De kritiek op de nieuwe slotrit van de Tour de France zwelt aan. Met onder meer Remco Evenepoel, Jonas Vingegaard en Wout van Aert die hun zorgen uitten over de veiligheid, lijkt er nauwelijks enthousiasme te bespeuren binnen het peloton. Maar bij Tourbaas Christian Prudhomme klinkt geen spoor van twijfel. Integendeel: hij ziet in de beklimming van Montmartre een historisch moment voor de koers.

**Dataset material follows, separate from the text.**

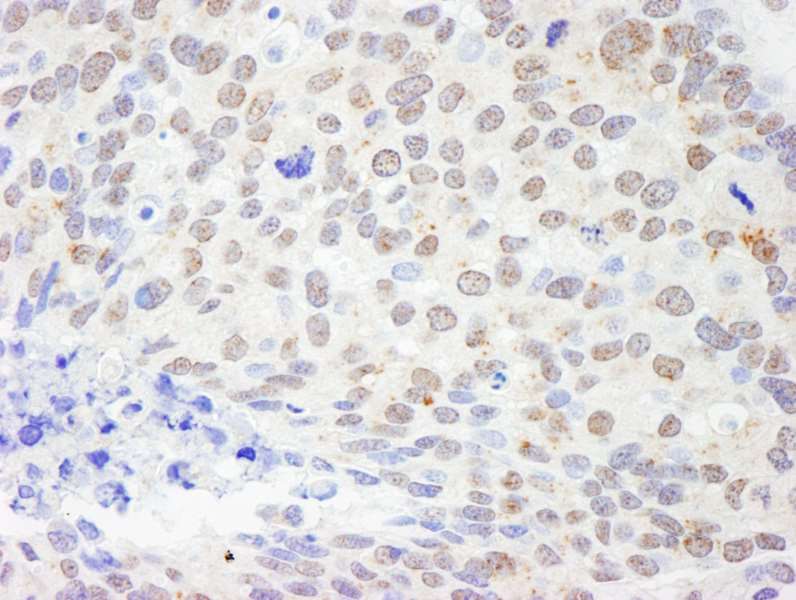 Immunohistochemistry (Formalin/PFA-fixed paraffin-embedded sections) - Anti-DDX1 antibody (AB264130)
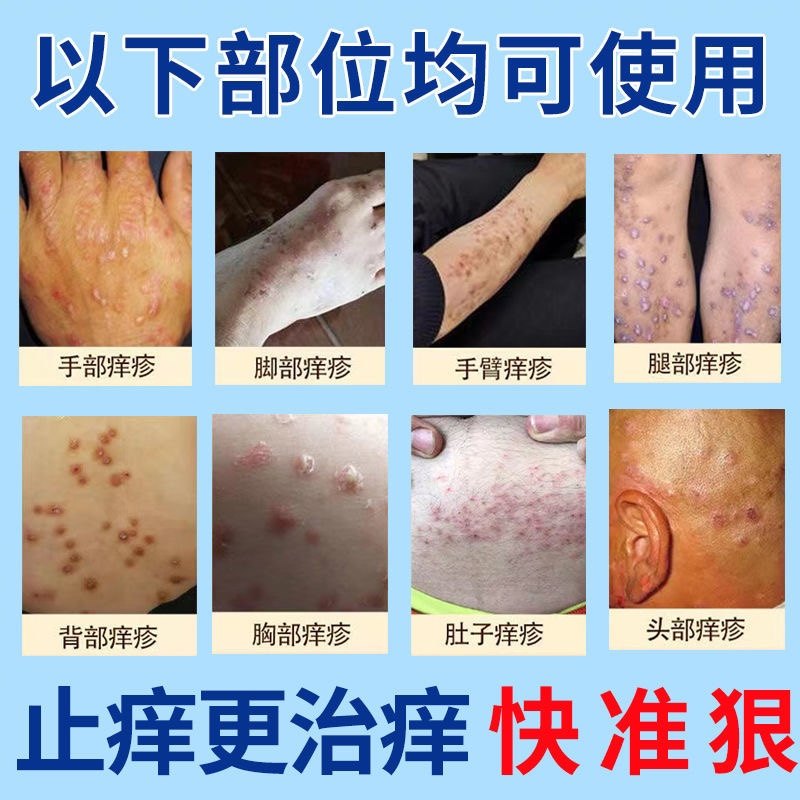 结节性痒疹特效药膏，祛除顽固性结节硬疙瘩的秘密武器？-小宠医疗用品-淘宝好物网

“Dit zal het aanzien van de Tour over de hele wereld nog vergroten,” stelt Prudhomme met overtuiging. “Voor de vijftigste verjaardag van de eerste aankomst op de Champs-Élysées wilden we iets groots. Iets wat de wielersport helpt haar legende uit te bouwen.”

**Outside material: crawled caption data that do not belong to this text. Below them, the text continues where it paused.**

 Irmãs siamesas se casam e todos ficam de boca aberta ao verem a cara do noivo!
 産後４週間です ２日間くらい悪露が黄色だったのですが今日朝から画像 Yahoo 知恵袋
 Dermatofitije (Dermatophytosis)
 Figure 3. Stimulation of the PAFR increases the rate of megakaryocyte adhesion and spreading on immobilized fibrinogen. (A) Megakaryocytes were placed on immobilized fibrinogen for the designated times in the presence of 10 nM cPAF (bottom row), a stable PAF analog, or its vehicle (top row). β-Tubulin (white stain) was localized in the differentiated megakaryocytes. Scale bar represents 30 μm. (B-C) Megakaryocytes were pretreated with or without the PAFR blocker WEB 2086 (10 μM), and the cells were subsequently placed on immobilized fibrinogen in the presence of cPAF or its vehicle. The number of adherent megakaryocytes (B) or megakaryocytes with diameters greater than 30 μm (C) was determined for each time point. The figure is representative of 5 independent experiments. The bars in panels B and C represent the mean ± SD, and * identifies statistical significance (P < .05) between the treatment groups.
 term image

Reactie op kritiek: ‘Dat zagen we ook bij de gravelrit en de kasseien’
Dat die keuze niet op applaus wordt onthaald door de renners, doet hem weinig. “Wat goed is voor de Tour, is ook goed voor de kampioenen van de Tour,” klinkt het bijna filosofisch. Volgens Prudhomme hoort weerstand bij vernieuwing. “Toen we vorig jaar gravel in het parcours opnamen, was er ook veel kritiek. En datzelfde gold voor de terugkeer van de kasseien.”
De Tourdirecteur grijpt zelfs terug op de beginjaren van de wedstrijd. “In 1910, toen Henri Desgrange de Tourmalet en de Pyreneeën in de Tour bracht, was dat ook niet populair. Maar die keuzes vormen nu het fundament van onze geschiedenis. Aan die legende moeten we blijven bouwen.”
‘Glorieuze onzekerheid’ moet terugkeren
Het nieuwe slotparcours moet volgens Prudhomme het sportieve verloop onvoorspelbaar maken. “De glorieuze onzekerheid van de sport moet terugkeren. Ik droom ervan dat een klassementsrenner opnieuw op de slotdag in het geel kan winnen. Dat is sinds Hinault in 1982 niet meer gebeurd.”
Of die droom werkelijkheid wordt, is nog maar de vraag. Binnen het peloton vreest men vooral chaos, gevaar en onnodige risico’s. Maar Prudhomme denkt groter dan dat. “Wij moeten bouwen aan iets dat over vijftig jaar nog herinnerd wordt. En dat begint met het durven maken van keuzes die vandaag weerstand oproepen.”